---------- Record extracts ----------
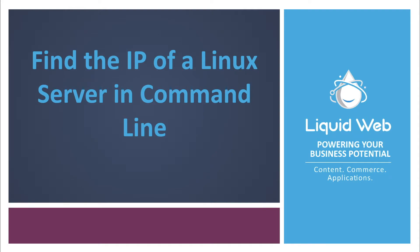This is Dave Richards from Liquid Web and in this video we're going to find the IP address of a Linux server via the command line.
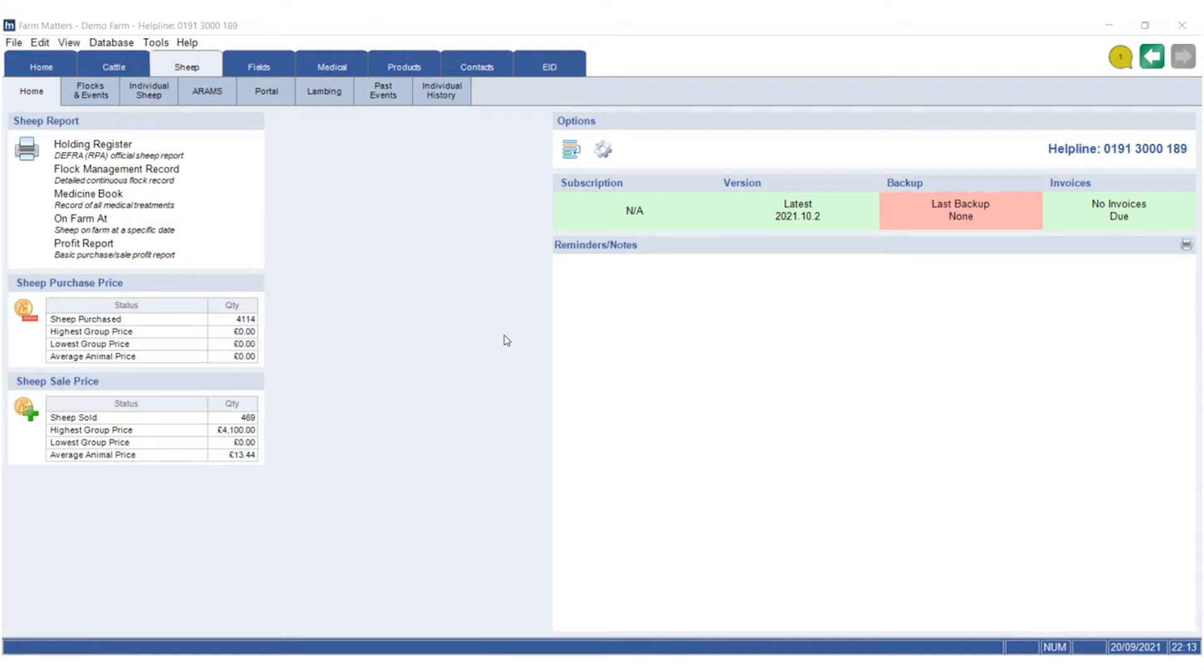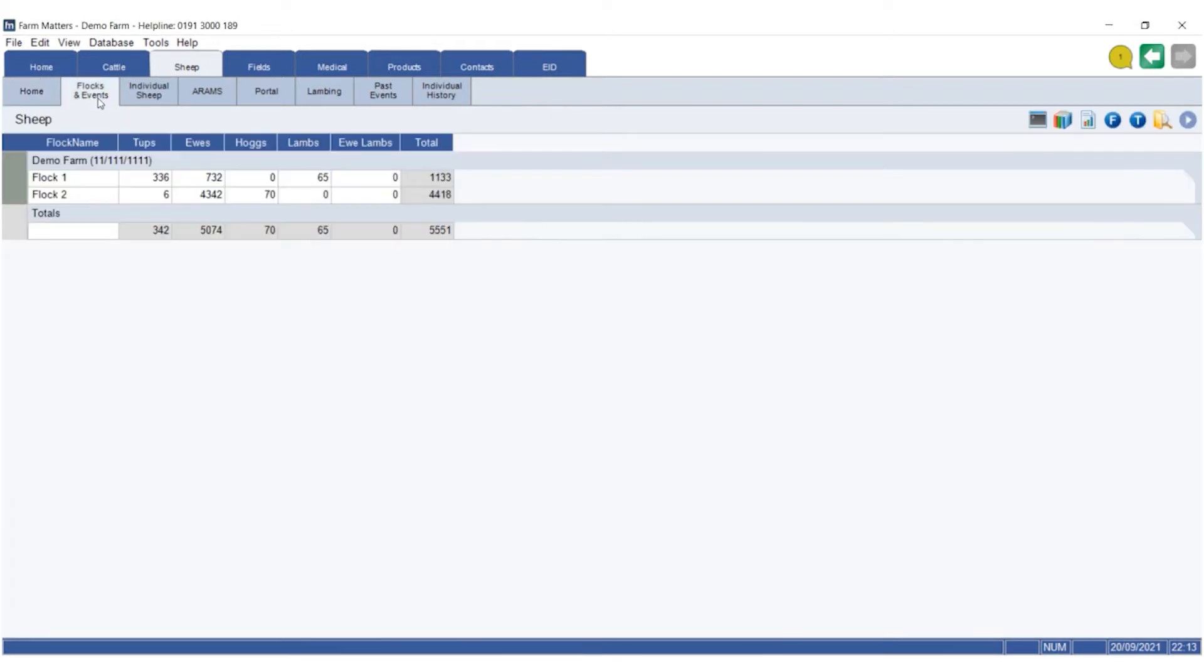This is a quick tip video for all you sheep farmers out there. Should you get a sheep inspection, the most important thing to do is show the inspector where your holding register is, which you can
----------
---------- Record extracts ----------
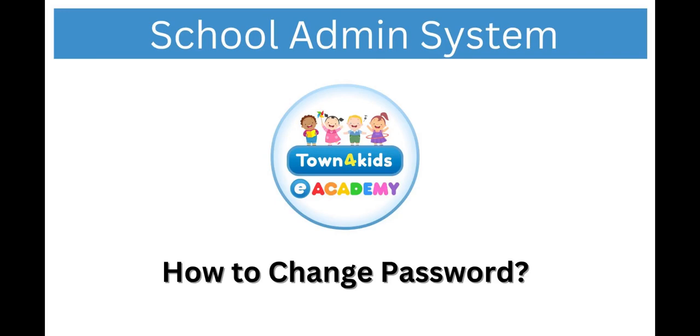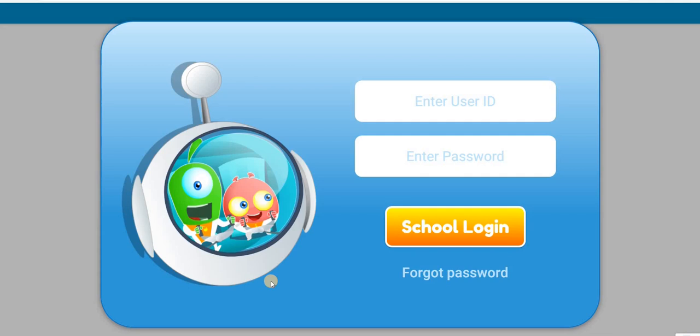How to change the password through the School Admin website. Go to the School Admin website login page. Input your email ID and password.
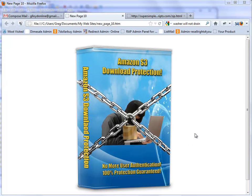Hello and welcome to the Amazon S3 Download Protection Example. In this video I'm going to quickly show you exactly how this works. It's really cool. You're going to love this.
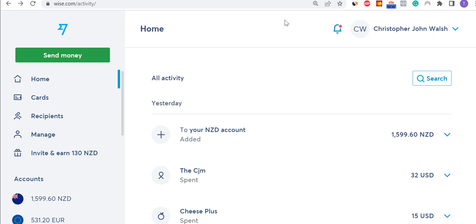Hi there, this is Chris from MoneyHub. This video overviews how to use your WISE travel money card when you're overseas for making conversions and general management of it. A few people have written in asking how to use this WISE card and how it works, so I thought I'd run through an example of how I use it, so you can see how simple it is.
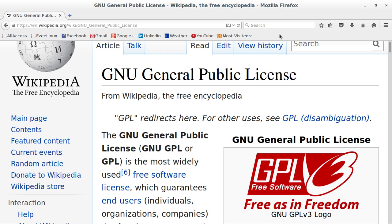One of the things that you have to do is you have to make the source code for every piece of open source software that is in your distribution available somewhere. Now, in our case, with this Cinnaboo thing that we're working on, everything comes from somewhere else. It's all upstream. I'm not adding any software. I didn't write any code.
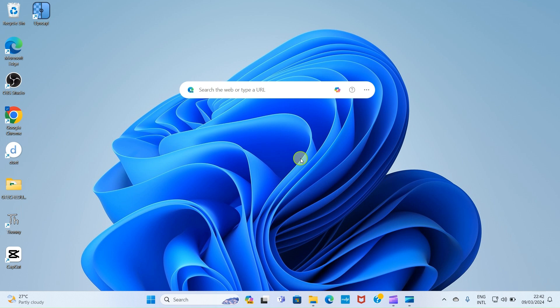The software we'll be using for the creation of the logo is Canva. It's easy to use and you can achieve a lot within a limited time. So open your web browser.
----------
* Directions *
Transcribe, exactly and without pictures, everything in the data from the line with "Hello and welcome" down to the line with "Hi there, this", both included.

* Written solution *
Hello and welcome to the Amazon S3 Download Protection Example. In this video I'm going to quickly show you exactly how this works. It's really cool. You're going to love this.
Hi there, this is Chris from MoneyHub. This video overviews how to use your WISE travel money card when you're overseas for making conversions and general management of it. A few people have written in asking how to use this WISE card and how it works, so I thought I'd run through an example of how I use it, so you can see how simple it is.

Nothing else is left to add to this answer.